To date, students in the United KingdomAustralia, France, Germany, Ireland, Uganda, Thailand, Colombia, Poland, and more have skipped a day of school to demand stronger action on climate change from their governments.

New Zealand (The Spinoff) – School kids are going on strike to fight climate change. How will schools react?

Strikes in more than 20 towns and cities around the country are planned for March 15, a Friday, with the Auckland event scheduled to take place in Aotea Square. While some schools are openly facilitating organisation, some schools are treating the impending strikes as unjustifiable absences, and have cracked down on efforts by students trying to organise.

RNZ: Climate change protest on school day divides MPs

Labour and Green party MPs supporting next week’s school strike for action on climate change are being careful not to encourage students to wag classes to protest.

The protest includes a march on Parliament and it’s clear that Labour and Green MPs are supportive of the strike while National Party MPs said it should not be happening on a school day.

Green Party co-leader and climate change minister James Shaw agreed immediately when asked on TVNZ’s Q and A programme on Monday night if students should leave classes to protest next week.

But he told RNZ today he was not urging children to participate in the event.

“In choosing to take time out in order to do this, these students are placing something at risk. That’s actually the point of a strike, you’re placing something at risk and that is an individual choice that people have to make for themselves.”

Education Minister Chris Hipkins said it was up to schools to decide how to handle the strike.

“I want kids to be learning. If taking part in this action is part of the learning process, then there may be some merit in it. If they’re just taking a day off school then actually they’re just punishing themselves,” Mr Hipkins said.

Other Labour ministers were more supportive.

They are supporting aa protest urging them to do more about climate change.

National Party leader Simon Bridges said climate change was an important issue, but the strike should not have been held on a school day.

He said the protest could have been timed to coincide with the upcoming strike by secondary school teachers on 3 April.

National Party education spokesperson Nikki Kaye said government ministers should not be encouraging students to participate.

“I’m a bit concerned that we have got the Minister for Climate Change out there encouraging people to not be at school and that does put parents and principals in a pretty difficult situation,” she said.

Stuff: Students who strike for climate change will be marked as truants, principals say

Schools are threatening to mark students as truants if they strike for climate change, with one principal calling it “wagging” that won’t make a difference.

Thousands of students plan to strike across New Zealand next week as part of a global campaign urging politicians to treat climate change as a crisis, and act now to protect students’ futures from its effects.

Christchurch strike organiser Lucy Gray, 12, said students were striking for their future.

“Teachers, they strike all the time to get what they want and that’s just money. We want our future; I think that should be allowed.”

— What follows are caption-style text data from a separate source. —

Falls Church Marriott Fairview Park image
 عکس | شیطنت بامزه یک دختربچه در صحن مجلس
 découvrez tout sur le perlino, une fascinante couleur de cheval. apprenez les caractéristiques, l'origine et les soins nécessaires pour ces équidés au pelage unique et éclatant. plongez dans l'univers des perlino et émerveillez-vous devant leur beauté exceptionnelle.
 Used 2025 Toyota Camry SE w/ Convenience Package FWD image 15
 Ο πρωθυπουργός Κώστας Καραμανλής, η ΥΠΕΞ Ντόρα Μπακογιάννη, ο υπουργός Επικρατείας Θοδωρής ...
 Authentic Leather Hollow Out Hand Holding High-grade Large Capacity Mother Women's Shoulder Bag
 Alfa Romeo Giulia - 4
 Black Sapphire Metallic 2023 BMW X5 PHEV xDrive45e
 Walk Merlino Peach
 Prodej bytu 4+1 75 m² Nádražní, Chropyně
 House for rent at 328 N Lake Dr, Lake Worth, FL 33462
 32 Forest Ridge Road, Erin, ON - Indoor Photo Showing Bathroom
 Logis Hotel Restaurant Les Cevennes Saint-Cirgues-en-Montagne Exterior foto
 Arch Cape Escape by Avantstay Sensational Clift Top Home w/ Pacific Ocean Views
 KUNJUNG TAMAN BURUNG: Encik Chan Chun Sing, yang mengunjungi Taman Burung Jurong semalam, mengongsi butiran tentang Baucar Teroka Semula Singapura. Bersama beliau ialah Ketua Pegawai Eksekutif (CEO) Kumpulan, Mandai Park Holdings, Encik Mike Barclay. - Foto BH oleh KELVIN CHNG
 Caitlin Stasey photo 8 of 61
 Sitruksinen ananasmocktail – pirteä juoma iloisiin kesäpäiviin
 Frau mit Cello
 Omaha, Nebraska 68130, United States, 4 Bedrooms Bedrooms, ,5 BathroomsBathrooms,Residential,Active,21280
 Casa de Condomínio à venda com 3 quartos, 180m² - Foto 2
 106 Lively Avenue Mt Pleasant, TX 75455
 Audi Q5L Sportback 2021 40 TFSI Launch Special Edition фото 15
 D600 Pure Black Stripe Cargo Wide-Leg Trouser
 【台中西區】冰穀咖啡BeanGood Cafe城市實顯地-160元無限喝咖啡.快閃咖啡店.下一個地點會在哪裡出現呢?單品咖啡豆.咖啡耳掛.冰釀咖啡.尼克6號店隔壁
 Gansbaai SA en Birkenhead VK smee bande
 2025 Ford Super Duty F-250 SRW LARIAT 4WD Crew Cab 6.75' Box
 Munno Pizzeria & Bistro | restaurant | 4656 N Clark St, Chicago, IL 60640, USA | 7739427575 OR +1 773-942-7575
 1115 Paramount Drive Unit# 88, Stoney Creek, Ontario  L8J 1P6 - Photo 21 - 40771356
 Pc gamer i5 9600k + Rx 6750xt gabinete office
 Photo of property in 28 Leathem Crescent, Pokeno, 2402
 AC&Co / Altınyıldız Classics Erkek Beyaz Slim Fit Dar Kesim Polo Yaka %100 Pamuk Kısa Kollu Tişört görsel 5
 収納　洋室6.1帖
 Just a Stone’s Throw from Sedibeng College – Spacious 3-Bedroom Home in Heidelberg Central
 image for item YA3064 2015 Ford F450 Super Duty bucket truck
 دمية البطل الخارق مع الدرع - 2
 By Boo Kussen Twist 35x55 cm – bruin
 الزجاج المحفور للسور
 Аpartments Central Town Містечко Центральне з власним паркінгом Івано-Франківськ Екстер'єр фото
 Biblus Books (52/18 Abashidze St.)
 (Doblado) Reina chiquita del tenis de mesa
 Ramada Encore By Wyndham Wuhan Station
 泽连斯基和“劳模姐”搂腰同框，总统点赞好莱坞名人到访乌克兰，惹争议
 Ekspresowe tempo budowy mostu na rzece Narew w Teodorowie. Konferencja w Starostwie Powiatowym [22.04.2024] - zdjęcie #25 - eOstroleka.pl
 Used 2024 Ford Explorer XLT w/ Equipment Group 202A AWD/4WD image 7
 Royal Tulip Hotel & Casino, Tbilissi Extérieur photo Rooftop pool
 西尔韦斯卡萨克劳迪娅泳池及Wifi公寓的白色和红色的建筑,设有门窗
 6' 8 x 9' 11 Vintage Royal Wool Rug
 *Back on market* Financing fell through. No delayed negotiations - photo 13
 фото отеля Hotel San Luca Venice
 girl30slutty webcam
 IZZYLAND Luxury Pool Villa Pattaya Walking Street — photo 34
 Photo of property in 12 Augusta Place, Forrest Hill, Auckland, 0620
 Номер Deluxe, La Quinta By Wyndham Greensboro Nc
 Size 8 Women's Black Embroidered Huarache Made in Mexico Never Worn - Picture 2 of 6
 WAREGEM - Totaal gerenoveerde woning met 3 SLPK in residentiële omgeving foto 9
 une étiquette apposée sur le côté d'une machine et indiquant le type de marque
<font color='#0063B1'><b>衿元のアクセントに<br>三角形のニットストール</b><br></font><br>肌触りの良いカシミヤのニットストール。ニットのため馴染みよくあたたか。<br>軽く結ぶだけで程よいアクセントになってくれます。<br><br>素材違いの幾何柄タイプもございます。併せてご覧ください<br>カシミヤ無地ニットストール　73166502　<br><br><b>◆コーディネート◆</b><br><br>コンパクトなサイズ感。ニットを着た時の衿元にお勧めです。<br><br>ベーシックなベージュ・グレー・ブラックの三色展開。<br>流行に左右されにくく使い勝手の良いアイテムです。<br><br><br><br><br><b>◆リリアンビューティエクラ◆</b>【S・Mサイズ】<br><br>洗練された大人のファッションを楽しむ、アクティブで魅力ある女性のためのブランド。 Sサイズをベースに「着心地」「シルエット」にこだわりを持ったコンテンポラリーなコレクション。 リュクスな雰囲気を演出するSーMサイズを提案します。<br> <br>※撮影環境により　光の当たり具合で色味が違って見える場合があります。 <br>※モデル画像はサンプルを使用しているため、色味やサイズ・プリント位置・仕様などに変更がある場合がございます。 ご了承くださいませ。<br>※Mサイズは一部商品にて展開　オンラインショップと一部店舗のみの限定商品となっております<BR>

But Secondary Principals Association president and Pakuranga College principal Michael Williams said students’ impact on climate change would be “probably zero”.

The impact of a day off school on the education of the children is likely to be “probably zero” too.

It’s not just young people rising in protest – Stuff: The planet’s last stand: Why these climate change activists are ready to break the law

In a suit and tie, retired fund manager Charles Drace is not your typical rebel. California-born, he was once a theatre and film actor, with bit parts in the spaghetti Western ‘Once Upon A Time in the West’ and war movie ‘Patton’.

Now, from his neat town house in central Christchurch, the 74-year-old is plotting how to get arrested.

“For years and years now, we’ve been playing nice. And I think one of the things that has been recognised in the last year or so is that it’s not working. We just can’t be nice anymore.”

Drace is a climate activist, a member of the global movement Extinction Rebellion. It began in November, when thousands of protesters paralysed London by disrupting traffic. Since then, it’s caught fire across the globe, with around a million members in 35 countries carrying out acts of civil disobedience.

They’ve glued themselves to buildings and spray painted “frack off” graffiti, closed five major London bridges, swarmed Fashion Week and gone on hunger strike outside Westminster Palace.

In New Zealand, ‘zombies’ have paraded through Wellington airport, held a funeral for Planet Earth in Nelson, and shut off the water supply to Environment Canterbury’s headquarters. Last week, 35 activists banged on the glass windows of BP’s Auckland office, chanting “liar, liar, pants on fire.”

Next month, they’ll join groups across the world in a week of civil disobedience and attention-grabbing stunts.

Will all of these protests be largely like whistling in a hurricane?

Or will the New Zealand government actually take drastic action beyond their rhetoric?

 

 

Climate change linked by Greens to inequality, power, corporations

It’s common to see Greens link climate change and environmental issues with a major reform of the world’s financial and business systems.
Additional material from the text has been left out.